EXERCISE DATA:
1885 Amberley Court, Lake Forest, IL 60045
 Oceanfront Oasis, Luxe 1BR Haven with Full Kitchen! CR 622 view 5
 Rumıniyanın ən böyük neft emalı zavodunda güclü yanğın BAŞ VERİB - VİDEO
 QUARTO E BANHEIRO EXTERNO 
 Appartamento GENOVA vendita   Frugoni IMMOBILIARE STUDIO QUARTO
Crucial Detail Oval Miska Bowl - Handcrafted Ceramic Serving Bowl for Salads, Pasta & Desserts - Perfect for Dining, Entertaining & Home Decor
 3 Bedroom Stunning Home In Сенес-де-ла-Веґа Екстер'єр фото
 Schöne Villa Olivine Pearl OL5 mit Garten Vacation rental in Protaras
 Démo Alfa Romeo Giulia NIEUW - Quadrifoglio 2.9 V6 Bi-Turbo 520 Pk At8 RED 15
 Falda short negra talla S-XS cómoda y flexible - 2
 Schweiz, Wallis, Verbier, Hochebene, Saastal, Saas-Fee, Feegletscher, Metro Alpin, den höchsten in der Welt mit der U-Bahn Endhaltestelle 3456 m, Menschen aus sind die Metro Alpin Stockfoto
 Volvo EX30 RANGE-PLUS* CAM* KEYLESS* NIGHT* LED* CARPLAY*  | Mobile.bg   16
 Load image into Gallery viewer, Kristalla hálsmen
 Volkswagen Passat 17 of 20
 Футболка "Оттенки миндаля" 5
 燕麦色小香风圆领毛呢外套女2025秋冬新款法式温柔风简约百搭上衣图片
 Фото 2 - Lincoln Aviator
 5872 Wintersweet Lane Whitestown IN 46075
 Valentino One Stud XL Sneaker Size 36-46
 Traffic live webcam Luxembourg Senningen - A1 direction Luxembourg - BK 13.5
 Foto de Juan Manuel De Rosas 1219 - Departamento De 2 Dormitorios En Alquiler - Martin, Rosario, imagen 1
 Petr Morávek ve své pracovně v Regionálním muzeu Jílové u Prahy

TASK DETAILS: Word for word, write out the entries above again.

SOLUTION TO THIS TASK:
1885 Amberley Court, Lake Forest, IL 60045
 Oceanfront Oasis, Luxe 1BR Haven with Full Kitchen! CR 622 view 5
 Rumıniyanın ən böyük neft emalı zavodunda güclü yanğın BAŞ VERİB - VİDEO
 QUARTO E BANHEIRO EXTERNO 
 Appartamento GENOVA vendita   Frugoni IMMOBILIARE STUDIO QUARTO
Crucial Detail Oval Miska Bowl - Handcrafted Ceramic Serving Bowl for Salads, Pasta & Desserts - Perfect for Dining, Entertaining & Home Decor
 3 Bedroom Stunning Home In Сенес-де-ла-Веґа Екстер'єр фото
 Schöne Villa Olivine Pearl OL5 mit Garten Vacation rental in Protaras
 Démo Alfa Romeo Giulia NIEUW - Quadrifoglio 2.9 V6 Bi-Turbo 520 Pk At8 RED 15
 Falda short negra talla S-XS cómoda y flexible - 2
 Schweiz, Wallis, Verbier, Hochebene, Saastal, Saas-Fee, Feegletscher, Metro Alpin, den höchsten in der Welt mit der U-Bahn Endhaltestelle 3456 m, Menschen aus sind die Metro Alpin Stockfoto
 Volvo EX30 RANGE-PLUS* CAM* KEYLESS* NIGHT* LED* CARPLAY*  | Mobile.bg   16
 Load image into Gallery viewer, Kristalla hálsmen
 Volkswagen Passat 17 of 20
 Футболка "Оттенки миндаля" 5
 燕麦色小香风圆领毛呢外套女2025秋冬新款法式温柔风简约百搭上衣图片
 Фото 2 - Lincoln Aviator
 5872 Wintersweet Lane Whitestown IN 46075
 Valentino One Stud XL Sneaker Size 36-46
 Traffic live webcam Luxembourg Senningen - A1 direction Luxembourg - BK 13.5
 Foto de Juan Manuel De Rosas 1219 - Departamento De 2 Dormitorios En Alquiler - Martin, Rosario, imagen 1
 Petr Morávek ve své pracovně v Regionálním muzeu Jílové u Prahy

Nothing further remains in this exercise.